O repórter especial Fábio Zanini descreve bem a obra, e também as reações que ela vem gerando, no blog Saída pela Direita. Por aqui me volto a "Milagre", obra que, salvo, bom, um milagre, deve provocar menos alvoroço entre as hordas bolsonaristas.

O projeto, a princípio, tem tudo para servir de gasolina para os incendiários da internet. É dirigido por um dos discípulos de Olavo de Carvalho, o carioca Mauro Ventura, que à Folha definiu sua produção como um navio quebra-gelo conservador numa geleira esquerdista. A obra ganhou até menção nos canais virtuais do filho 03 do presidente, o deputado Eduardo Bolsonaro (PSL-SP).

O tema também é pop: o milagre que a ciência tanto rejeita e o cristianismo tanto abraça. Mas a linguagem, nem tanto. É um papo mais cabeça que intercala imagens religiosas e de natureza com três entrevistas: Olavo e os físicos Raphael de Paola e Wolfgang Smith. Spoiler: a visão religiosa, temperada com preceitos filosóficos, triunfa.

O palavrório é mais para iniciados do que iniciantes, salpicado de expressões como "andares ontológicos", "ternário", "anima vs. corpus". Não é exatamente o que espera um bolsonarista afeito ao Olavo das redes sociais, aquele que fala em "cu" e "piroca", que solta pílulas como esta aqui de quinta-feira (4): "Só quem se fode nas revoluções socialistas são os pobres. Os ricos vão para Nova York, Paris ou Londres".

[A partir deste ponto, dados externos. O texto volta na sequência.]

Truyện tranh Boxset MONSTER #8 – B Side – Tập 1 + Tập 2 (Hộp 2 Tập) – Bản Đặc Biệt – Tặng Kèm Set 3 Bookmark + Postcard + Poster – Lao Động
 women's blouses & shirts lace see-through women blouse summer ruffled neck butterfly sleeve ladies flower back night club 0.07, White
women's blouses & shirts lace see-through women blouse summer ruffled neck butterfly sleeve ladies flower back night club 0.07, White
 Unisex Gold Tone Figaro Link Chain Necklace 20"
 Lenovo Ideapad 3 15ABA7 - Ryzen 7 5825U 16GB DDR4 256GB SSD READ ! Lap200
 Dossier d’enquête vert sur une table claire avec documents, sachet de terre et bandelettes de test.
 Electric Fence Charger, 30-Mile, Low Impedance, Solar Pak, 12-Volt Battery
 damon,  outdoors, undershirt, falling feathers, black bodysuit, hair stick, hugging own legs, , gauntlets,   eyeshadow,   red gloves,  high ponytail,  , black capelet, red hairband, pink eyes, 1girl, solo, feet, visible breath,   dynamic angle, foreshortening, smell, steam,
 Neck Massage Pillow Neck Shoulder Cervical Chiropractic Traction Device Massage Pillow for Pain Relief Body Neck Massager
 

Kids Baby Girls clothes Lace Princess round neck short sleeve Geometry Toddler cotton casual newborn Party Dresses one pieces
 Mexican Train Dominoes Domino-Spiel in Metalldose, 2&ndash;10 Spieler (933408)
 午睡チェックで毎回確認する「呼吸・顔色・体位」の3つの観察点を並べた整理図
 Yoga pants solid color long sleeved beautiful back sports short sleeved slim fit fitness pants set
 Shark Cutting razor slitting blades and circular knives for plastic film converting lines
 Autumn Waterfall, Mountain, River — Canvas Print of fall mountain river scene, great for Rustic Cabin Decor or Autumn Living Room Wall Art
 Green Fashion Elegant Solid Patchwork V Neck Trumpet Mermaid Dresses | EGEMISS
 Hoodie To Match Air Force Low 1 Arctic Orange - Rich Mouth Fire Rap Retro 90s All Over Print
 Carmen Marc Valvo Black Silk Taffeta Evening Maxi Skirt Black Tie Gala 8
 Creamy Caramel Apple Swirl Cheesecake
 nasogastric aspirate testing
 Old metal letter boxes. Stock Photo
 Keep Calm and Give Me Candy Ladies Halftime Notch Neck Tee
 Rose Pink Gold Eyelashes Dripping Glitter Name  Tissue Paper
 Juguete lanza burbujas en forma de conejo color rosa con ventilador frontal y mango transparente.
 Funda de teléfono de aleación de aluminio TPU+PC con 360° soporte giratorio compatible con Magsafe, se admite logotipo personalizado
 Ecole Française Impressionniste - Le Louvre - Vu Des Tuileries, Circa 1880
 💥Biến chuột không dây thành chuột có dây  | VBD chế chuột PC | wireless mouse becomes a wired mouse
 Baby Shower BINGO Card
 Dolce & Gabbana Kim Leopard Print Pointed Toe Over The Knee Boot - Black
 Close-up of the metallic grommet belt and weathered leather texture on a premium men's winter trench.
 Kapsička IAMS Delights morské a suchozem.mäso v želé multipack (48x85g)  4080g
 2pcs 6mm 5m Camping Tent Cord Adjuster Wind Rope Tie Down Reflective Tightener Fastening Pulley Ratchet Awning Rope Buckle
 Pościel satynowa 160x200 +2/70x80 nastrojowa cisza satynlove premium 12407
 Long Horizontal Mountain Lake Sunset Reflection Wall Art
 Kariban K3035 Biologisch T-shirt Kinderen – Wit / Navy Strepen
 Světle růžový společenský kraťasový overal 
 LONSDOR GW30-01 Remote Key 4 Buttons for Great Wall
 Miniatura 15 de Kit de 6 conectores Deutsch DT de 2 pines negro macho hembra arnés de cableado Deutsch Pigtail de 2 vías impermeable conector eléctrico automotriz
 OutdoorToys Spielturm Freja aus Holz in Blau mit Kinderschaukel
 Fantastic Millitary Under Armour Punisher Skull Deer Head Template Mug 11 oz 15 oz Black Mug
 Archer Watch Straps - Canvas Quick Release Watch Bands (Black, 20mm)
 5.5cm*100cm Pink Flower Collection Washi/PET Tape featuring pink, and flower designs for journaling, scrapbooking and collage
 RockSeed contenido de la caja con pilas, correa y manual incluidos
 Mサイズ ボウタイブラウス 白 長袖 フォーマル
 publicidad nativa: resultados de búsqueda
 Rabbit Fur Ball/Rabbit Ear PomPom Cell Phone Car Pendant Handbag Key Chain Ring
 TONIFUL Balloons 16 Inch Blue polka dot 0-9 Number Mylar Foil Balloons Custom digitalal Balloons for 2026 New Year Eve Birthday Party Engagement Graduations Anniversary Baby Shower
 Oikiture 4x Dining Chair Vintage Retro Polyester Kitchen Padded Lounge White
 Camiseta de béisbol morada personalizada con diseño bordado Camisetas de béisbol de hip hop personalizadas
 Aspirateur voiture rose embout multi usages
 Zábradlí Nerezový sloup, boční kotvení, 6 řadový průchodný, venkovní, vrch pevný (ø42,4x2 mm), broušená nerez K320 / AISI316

Crítico de cinema da Folha, Inácio Araújo não gostou muito, não. Viu ali "uma espécie de cristianismo indolor e raso como o olavismo", um "terrorismo verbal" que não leva o espectador a parte alguma.
Não vou entrar no mérito se "Milagre" é bom ou não é. Me interessa mais apontar como a direita bolsonarista está, pouco a pouco, avançando no tabuleiro de "War" que são as guerras culturais, e com ajuda de influenciadores como Nando Moura, o youtuber catóico Bernardo Kuster (ambos na pré do filme de Ventura) e o próprio clã Bolsonaro.

E isso inclui lutar em vários fronts, indo muito além de xingar uma penca de petistas, de vociferar contra um suposto marxismo cultural que teria inventado até essa lorota de aquecimento global, de convencer esta e futuras gerações que a versão de que 1964 foi golpe sustentado por mortes e torturas é fake news, fake old news.

Com pretensões mais intelectuais, "Milagre" é um passo a mais na normalização das ideias conservadoras dentro da cena cultural, em geral uma redoma progressista.

Se hoje parecem pregar para convertidos, um país que pôs Bolsonaro na Presidência pode estar mais aberto a ouvir o que eles têm a falar. Melhor já ir se acostumando? Bilheterias e likes dirão.